Charlie Rowe as Ronnie Winslow. Photo: Nobby ClarkCharlie Rowe as Ronnie Winslow | Photo: Nobby Clark

Terence Rattigan’s famous play, about a father’s fight for justice for his son, was first staged in London in 1946; and Lindsay Posner’s production at the Old Vic makes you feel you’ve seen it as it might have been presented then. It has a consciously old-fashioned aesthetic, with strong performances in, I thought, a studiedly stilted style. Ian Shuttleworth in the FT called it arid. I thought it more interesting.

The thirteen year old Ronnie Winslow is “sacked” from his naval college for stealing a £5 postal order. But the boy’s been treated unfairly, his stern father thinks. So Arthur Winslow takes on the might of the Admiralty, backed by his suffragette daughter Kate and his barrister, Sir Robert Morton KC.

Henry Goodman is, as you might expect, strong as Arthur Winslow – his performance is the most naturalistic by contemporary standards (or “organic”, to use Ian Shuttleworth’s word), showing the doubt and emotionalism of the man beneath the social and paternal surface. The part runs out of steam slightly towards the end, though, as Arthur’s energy wanes.

I was most interested by the lawyers, of course. Jay Villiers is outstanding as the solicitor Desmond Curry, giving a movingly tragicomic portrait of a man whose achievements are overshadowed by one great disappointment. He, like Winslow, carries his emotional grief as a wound. But the famous role is that of Sir Robert Morton, a strange, forbidding silk, and Tory politician. Peter Sullivan is positively repellent in the role, flooding the stage with a harsh, cold torchlight. I mean this as a compliment to a fine performance.

The play’s most famous scene is Morton’s cross-examination of “the Boy”, and Sullivan’s is more brutal than the cinematic ones I’ve seen, by Robert Donat, in 1948, and Jeremy Northam in 1999 – its closing line bringing the curtain down most dramatically for the interval. We’re told of, not shown, the hint of humanity under Morton’s cold exterior (except, perhaps, in the subtle respect and admiration Morton shows for Winslow père as the two men bond over whisky and soda). But this is a strength. In this production, Kate Winslow’s reaction to the “fish-like” Morton fully makes sense. His professional conduct threat against Curry is especially nasty.
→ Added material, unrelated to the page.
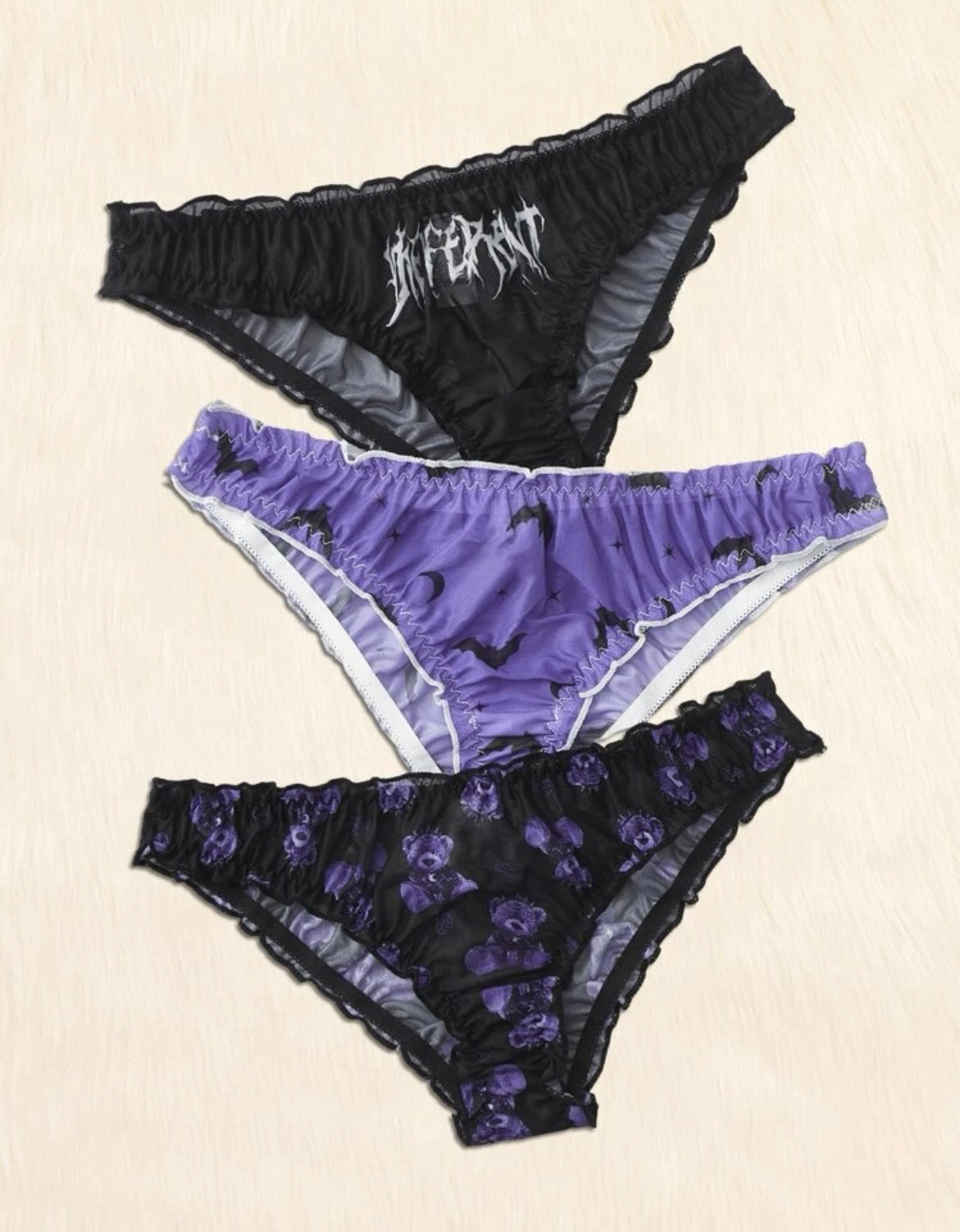 💜𝓤𝓷𝓭𝓲𝓮𝓼 𝓭𝓪𝔂𝓽𝓲𝓶𝓮 💜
The play’s terrifically Tory in sentiment. Winslow’s no radical. What moves him is a feeling of injustice by the state, the “new despotism” of Whitehall bureaucracy that A.V. Dicey had written about early in the twentieth century, and what seems to Winslow a breach of Magna Carta. It’s an attitude often seen today among “civil liberties” Tories, many of whom would support, red-faced, Winslow’s petition of right – but who’d loathe its modern counterpart, judicial review. It’s interesting that only Kate sees the cause in terms of human rights.

While its social and moral interest in men is deep, women aren’t for the most part taken seriously in this play. The silly woman journalist is especially hard to find funny in 2013. To be fair to Rattigan, Grace Winslow (Deborah Findlay) is given important lines about pride – lines that go to the emotional heart of the play, and which ask serious questions of anyone who’s ever claimed to fight in the name of “justice”. What’s more, Kate Winslow is portrayed both seriously and sympathetically – and Naomi Frederick fills the role well.

In a way, we today see the whole action from Kate’s point of view, and this perhaps shows Rattigan’s sympathies as wider than first appear. The final scene is built on the dramatic irony that we know Kate’s cause will triumph over Morton. More impressively, while he clearly admires the unbendingly repressed and righteous Morton, Rattigan seems through Kate to see what “freedom Toryism” looks like to social democrats: magnifique and magnanimous yet Quixotic and contradictory, selective and sentimental.

For anyone interested in law and the English, The Winslow Boy is an essential play. Its contemporary relevance is brought out all the more strongly by this deliberately “retro” production.